Always core dumped at epoch 6 when running "python train_script/train_final.py --checkpoint_cg runs/test/model/test_00076_01-22-20-11-37.ckp --alias wsdec" and without issue when running pre-training.

Melon(Xuguang Duan) · Answer 3 · Sat Jan 26 2019 14:09:22 GMT+0800 (China Standard Time)

YES, exactly the same situation, the error only occurs when training the final model (I do believe the error occurs at the first several epoch when switch from train_sl to train_cg because of the loaded JAVA METEOR score package, maybe due to subprocess terminating?).

When using CUDA 8.0, I tried using another pretrained model, which sometimes runs well. Have you ever tried another pretrained model? Or try our pretrained model which runs exactly the same result as in the paper and does not encounter any bugs (at least in our case).
BTW, what's the current score, I notice that sometimes the results are very well in the several beginning epochs.

Melon(Xuguang Duan) · Answer 4 · Tue Jan 29 2019 23:05:05 GMT+0800 (China Standard Time)

Hi, are you still there?

YapengTian · Answer 5 · Wed Jan 30 2019 00:39:21 GMT+0800 (China Standard Time)

Hi!

Thanks for the response!

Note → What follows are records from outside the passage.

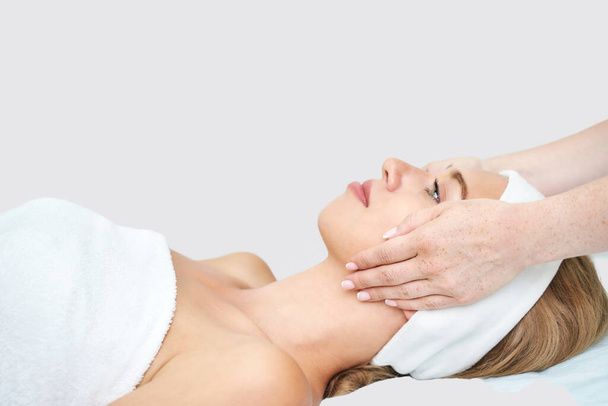 Face massage at spa salon. Doctor hands. Closeup view. High quality photo - Foto, Imagen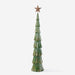 A rustic, tiered metal Christmas tree decoration in a distressed green finish with a bronze star topper, shown against a plain light gray background.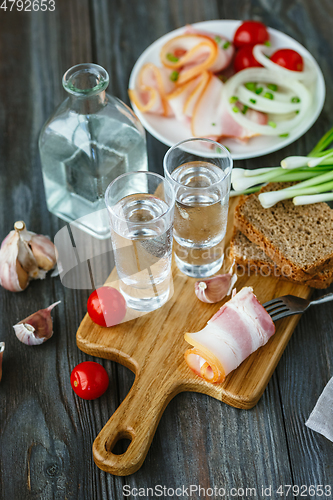 Image of Vodka and traditional snack on wooden background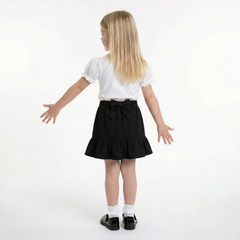 LELLI KELLY Betty Black Skirt combine style with practical comfort. These charming skirts feature a decorative bow detail on the back and an iconic LELLI KELLY logo charm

Due to the bug will block one GPU, I have no an available GPU to get a try recently. I will work on the CVPR rebuttal in the following two weeks and may further explore the code later. Thanks!

aemrey · Answer 6 · Tue Nov 12 2019 22:49:22 GMT+0800 (China Standard Time)

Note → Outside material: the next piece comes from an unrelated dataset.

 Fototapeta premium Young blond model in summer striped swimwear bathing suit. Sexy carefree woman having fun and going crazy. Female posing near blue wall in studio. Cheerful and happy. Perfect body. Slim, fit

Hi, thank you for your wonderful work!

I am also experiencing this exact same bug. It always crashes with a segfault at epoch 6, batch 260 using CUDA 9.0.176. Here are the current scores for the latest checkpoint:

Average across all tIoUs
--------------------------------------------------------------------------------
| CIDEr: 17.6971
| Bleu_4: 1.0493
| Bleu_3: 2.2116
| Bleu_2: 4.9127
| Bleu_1: 11.7354
| Precision: 60.4421
| ROUGE_L: 12.2123
| METEOR: 6.0898
| Recall: 33.7766

Let me know if any progress can be made in fixing this bug. I would like to train the model further!

Melon(Xuguang Duan) · Answer 7 · Wed Nov 13 2019 14:22:57 GMT+0800 (China Standard Time)

I have not made any progress on this project currently. Maybe I will return to this project next month, and let you know whether we have made any progress. BTW, I compare your scores with the one in my paper, I think your model is trained not bad. According to my experiment, the best scores are always obtained in the several starting epochs, so I think you can check the result after the first several epochs.

And, thanks for your comment, keep in touch under this issue pls.

aemrey · Answer 8 · Fri Nov 15 2019 21:53:58 GMT+0800 (China Standard Time)

Hi, I wanted to let you know that the training proceeded past epoch 6 after I decreased batch size from the default of 32 to 16. Obvious fix in retrospect!

Melon(Xuguang Duan) · Answer 9 · Fri Dec 13 2019 13:39:48 GMT+0800 (China Standard Time)

@aemrey, See, this is really a strange bug.